Provided records:
%%

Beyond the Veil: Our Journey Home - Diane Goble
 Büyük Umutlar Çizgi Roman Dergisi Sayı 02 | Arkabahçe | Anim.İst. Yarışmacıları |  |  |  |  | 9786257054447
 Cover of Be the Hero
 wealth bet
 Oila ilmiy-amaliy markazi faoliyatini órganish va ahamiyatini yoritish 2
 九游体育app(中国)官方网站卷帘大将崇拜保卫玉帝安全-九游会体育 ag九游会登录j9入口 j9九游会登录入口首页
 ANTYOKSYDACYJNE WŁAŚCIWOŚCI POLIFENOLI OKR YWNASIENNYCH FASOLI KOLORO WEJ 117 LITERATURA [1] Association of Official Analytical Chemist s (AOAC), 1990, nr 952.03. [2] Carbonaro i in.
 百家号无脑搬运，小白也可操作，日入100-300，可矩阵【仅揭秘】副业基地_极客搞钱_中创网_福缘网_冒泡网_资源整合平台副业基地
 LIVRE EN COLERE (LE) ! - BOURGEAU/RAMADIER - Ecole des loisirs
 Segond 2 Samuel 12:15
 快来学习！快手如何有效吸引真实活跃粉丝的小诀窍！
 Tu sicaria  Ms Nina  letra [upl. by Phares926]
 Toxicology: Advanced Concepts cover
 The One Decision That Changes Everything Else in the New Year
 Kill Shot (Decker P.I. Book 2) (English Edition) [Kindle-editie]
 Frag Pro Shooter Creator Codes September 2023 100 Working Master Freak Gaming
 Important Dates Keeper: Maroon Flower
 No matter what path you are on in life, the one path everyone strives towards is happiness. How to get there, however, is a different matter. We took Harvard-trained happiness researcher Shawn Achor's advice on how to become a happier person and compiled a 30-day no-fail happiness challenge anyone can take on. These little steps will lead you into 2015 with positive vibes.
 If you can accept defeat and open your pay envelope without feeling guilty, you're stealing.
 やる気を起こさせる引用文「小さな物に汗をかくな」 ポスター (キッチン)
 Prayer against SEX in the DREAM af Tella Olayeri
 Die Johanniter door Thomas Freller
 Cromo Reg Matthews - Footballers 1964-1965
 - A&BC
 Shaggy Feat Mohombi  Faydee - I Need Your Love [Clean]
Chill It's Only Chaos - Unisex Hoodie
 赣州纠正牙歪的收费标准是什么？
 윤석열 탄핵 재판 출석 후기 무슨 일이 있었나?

%%

What you need to do:
The full listing above needs to be retyped exactly.

Task solution:
Beyond the Veil: Our Journey Home - Diane Goble
 Büyük Umutlar Çizgi Roman Dergisi Sayı 02 | Arkabahçe | Anim.İst. Yarışmacıları |  |  |  |  | 9786257054447
 Cover of Be the Hero
 wealth bet
 Oila ilmiy-amaliy markazi faoliyatini órganish va ahamiyatini yoritish 2
 九游体育app(中国)官方网站卷帘大将崇拜保卫玉帝安全-九游会体育 ag九游会登录j9入口 j9九游会登录入口首页
 ANTYOKSYDACYJNE WŁAŚCIWOŚCI POLIFENOLI OKR YWNASIENNYCH FASOLI KOLORO WEJ 117 LITERATURA [1] Association of Official Analytical Chemist s (AOAC), 1990, nr 952.03. [2] Carbonaro i in.
 百家号无脑搬运，小白也可操作，日入100-300，可矩阵【仅揭秘】副业基地_极客搞钱_中创网_福缘网_冒泡网_资源整合平台副业基地
 LIVRE EN COLERE (LE) ! - BOURGEAU/RAMADIER - Ecole des loisirs
 Segond 2 Samuel 12:15
 快来学习！快手如何有效吸引真实活跃粉丝的小诀窍！
 Tu sicaria  Ms Nina  letra [upl. by Phares926]
 Toxicology: Advanced Concepts cover
 The One Decision That Changes Everything Else in the New Year
 Kill Shot (Decker P.I. Book 2) (English Edition) [Kindle-editie]
 Frag Pro Shooter Creator Codes September 2023 100 Working Master Freak Gaming
 Important Dates Keeper: Maroon Flower
 No matter what path you are on in life, the one path everyone strives towards is happiness. How to get there, however, is a different matter. We took Harvard-trained happiness researcher Shawn Achor's advice on how to become a happier person and compiled a 30-day no-fail happiness challenge anyone can take on. These little steps will lead you into 2015 with positive vibes.
 If you can accept defeat and open your pay envelope without feeling guilty, you're stealing.
 やる気を起こさせる引用文「小さな物に汗をかくな」 ポスター (キッチン)
 Prayer against SEX in the DREAM af Tella Olayeri
 Die Johanniter door Thomas Freller
 Cromo Reg Matthews - Footballers 1964-1965
 - A&BC
 Shaggy Feat Mohombi  Faydee - I Need Your Love [Clean]
Chill It's Only Chaos - Unisex Hoodie
 赣州纠正牙歪的收费标准是什么？
 윤석열 탄핵 재판 출석 후기 무슨 일이 있었나?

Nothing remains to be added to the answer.